As I approached the building, I was struck by the way it relates to the ground. The asphalt from the street seemed to continue seamlessly into the entry hall. And in fact there is no underground construction—the reinforced concrete grid sits directly on the ground. Heading towards the entrance, I passed by a ramp which gently leads to the upper decks and which can be used by pedestrians and bicycles, but also cars and trucks. The motif of traffic animates the entire space of the school. Circulation literally seems to be running through the various floors. Instead of planning a separate parking lot at a distance, or hiding it underground, the architects intertwined parking, teaching, learning, and administration. By declining to build a cellar, an attic, and a subterranean parking lot, the architects put all the features of a school’s life on the table. The way of working is part of the work, so to speak.
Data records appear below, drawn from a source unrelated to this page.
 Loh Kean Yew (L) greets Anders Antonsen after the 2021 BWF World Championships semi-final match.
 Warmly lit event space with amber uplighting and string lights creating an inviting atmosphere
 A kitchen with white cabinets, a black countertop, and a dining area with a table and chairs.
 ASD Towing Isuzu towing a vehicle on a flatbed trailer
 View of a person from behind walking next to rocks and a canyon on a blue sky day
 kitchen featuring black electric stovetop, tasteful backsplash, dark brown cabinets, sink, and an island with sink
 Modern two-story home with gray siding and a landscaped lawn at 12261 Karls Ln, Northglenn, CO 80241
As I went up the ramp I had the impression of entering the school through the back door. I immediately became sympathetic to the building. Instead of being dwarfed and intimidated by a monumental entrance structure, as with many institutions of higher education, I felt like an insider, like someone who knew the shortcuts, who was familiar with the place and was free to approach its entrance via the garage. Almost like entering a private flat where bicycles and kids' rubber boots clog the entrance, I was part of a non-ceremonial transitional area between outside and inside, public and private, a common zone where students and teachers, administrators, and passersby meet.
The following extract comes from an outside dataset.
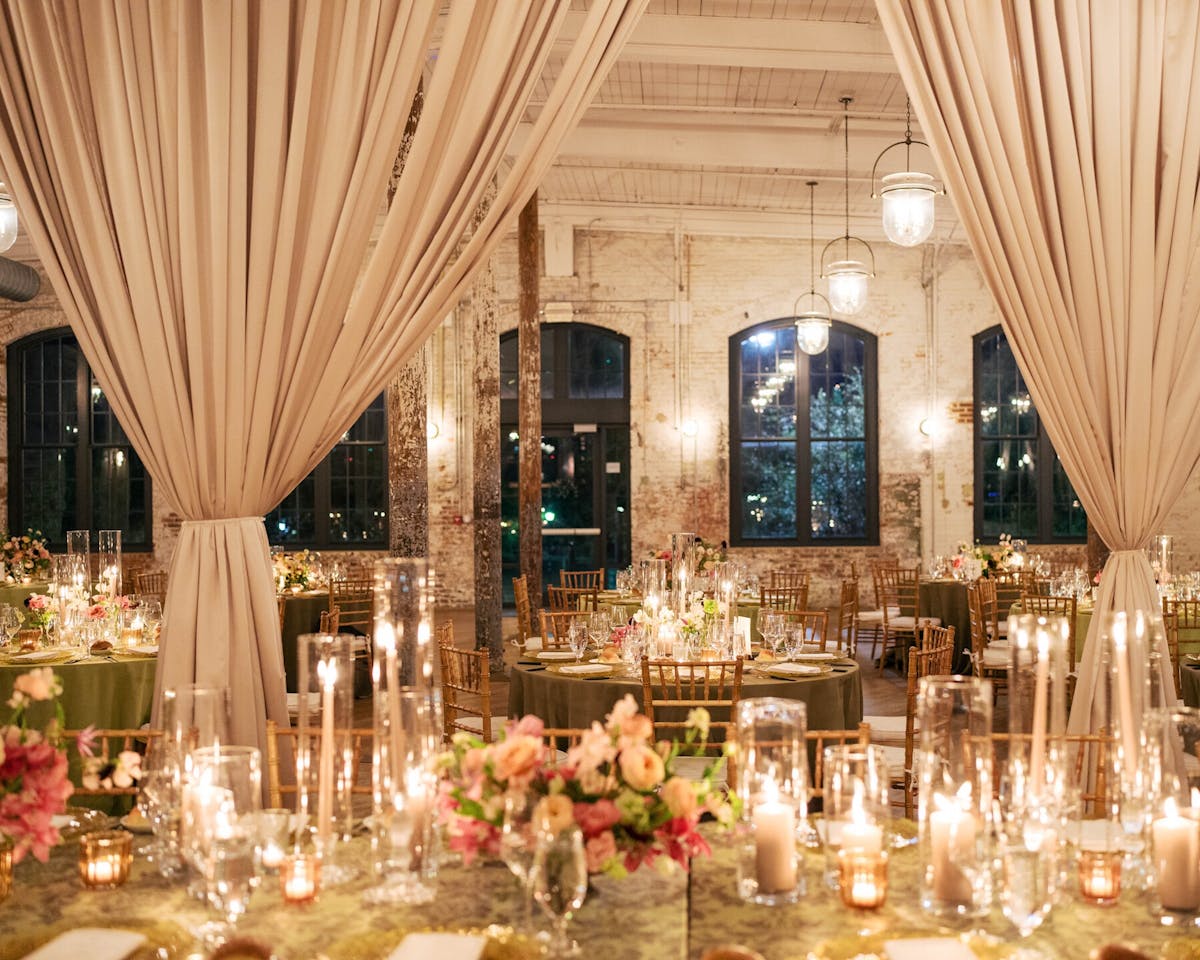 a dining table filled with wine glasses
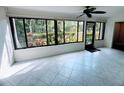 Enclosed sunroom with tile floors and windows overlooking garden at 647 Woodlawn Dr # 647, Bradenton, FL 34210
I found it easy to navigate the building and orient myself. Unlike most universities—for instance, my own in Zürich—where a Kafkaesque labyrinth of corridors absorbs one’s energy, I never felt lost. Connections were simple, and some spaces, such as the main lecture hall, could be perceived from various parts of the building because their volumes intersected with the other spaces in the school. Mostly, I experienced my visit as an aesthetic pleasure, as a promenade architectural—an itinerary full of surprising vistas and spatial events. The rather narrow entrance area, with its dark floor and slightly somber atmosphere, opened up in a spectacular fashion to a very generous two-story mezzanine, which serves as an exhibition space and links the class areas to the library and the administrative offices. The architects work with contrasts of dark and light-filled zones, narrow and wide spaces, low and high ceilings, ramps, and stairs. There are many spectacular views, for instance towards the very large workshops which connect directly to the street so that cars and trucks can enter.